As previously disclosed by the Company in its periodic reports filed with the Securities and Exchange Commission (the “ SEC ”), on May 12, 2009, the Company received a deficiency letter from the NYSE Amex LLC (the “ Exchange ”) indicating that, based on a review of publicly available information, the Company was not in compliance with the minimum stockholders’ equity requirements for continued listing on the Exchange as set forth in Section 1003(a) of the NYSE Amex Company Guide (the “ Company Guide ”). Specifically, the Company was not in compliance with Section 1003(a)(i) of the Company Guide because, for the 2008 fiscal year, the Company had stockholders’ equity of less than $2,000,000 and losses from continuing operations, and/or net losses in two out of its three most recent fiscal years.

The Company was afforded the opportunity to submit a specific plan to achieve and sustain compliance with all of the Exchange’s listing requirements, and on June 12, 2009 presented its plan (the “ Plan ”) to the Exchange. The Company received notice from Exchange staff on July 30, 2009 indicating that the Exchange accepted the Company’s plan of compliance and granted an extension until November 12, 2010 (the “ Plan Period ”) for the Company to regain compliance with the continued listing standards.
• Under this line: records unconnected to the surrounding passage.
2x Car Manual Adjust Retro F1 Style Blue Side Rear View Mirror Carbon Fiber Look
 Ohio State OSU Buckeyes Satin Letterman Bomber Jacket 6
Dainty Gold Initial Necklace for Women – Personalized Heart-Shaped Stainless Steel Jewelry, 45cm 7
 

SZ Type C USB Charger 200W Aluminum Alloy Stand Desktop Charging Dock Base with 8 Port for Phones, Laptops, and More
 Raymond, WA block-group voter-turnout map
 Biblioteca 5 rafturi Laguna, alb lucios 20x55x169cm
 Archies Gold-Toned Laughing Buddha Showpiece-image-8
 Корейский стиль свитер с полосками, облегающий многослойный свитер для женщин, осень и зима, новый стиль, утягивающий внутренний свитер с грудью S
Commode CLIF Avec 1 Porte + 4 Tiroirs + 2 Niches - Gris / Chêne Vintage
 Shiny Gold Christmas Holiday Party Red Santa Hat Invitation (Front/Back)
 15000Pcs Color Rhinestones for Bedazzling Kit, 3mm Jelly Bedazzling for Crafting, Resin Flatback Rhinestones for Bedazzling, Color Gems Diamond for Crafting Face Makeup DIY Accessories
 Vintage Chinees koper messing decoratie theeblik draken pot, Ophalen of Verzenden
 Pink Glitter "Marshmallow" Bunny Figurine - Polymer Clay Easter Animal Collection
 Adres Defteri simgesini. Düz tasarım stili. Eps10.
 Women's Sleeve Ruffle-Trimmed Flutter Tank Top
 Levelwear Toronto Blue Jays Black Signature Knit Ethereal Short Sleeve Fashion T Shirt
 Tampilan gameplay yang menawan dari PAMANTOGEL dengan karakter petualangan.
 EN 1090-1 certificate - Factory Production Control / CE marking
The Company has continued its listing during the Plan Period, during which time the Company has been subject to periodic review by Exchange staff.

As previously disclosed by the Company in its Current Report on Form 8-K filed with the SEC on July 2, 2010, on June 30, 2010, the Company received an additional deficiency letter from the Exchange indicating that, based on a review of publicly available information, the Company is not in compliance with Section 1003(a)(ii) of the Company Guide with stockholders’ equity of less than $4,000,000 and losses from continuing operations, and/or net losses in three out of its four most recent fiscal years.

The Company has supplemented the Plan on or about June 17, 2010 and July 14, 2010 to address how the Company intends to regain compliance with all of the Exchange’s listing requirements set forth above by the Plan Period.  Subsequently, the Company has further supplemented its Plan through oral discussions with the staff of the Exchange, as well as through written Plan updates which were submitted to Exchange staff and the Listing Committee of the Exchange on August 3, 2010 and October 1, 2010.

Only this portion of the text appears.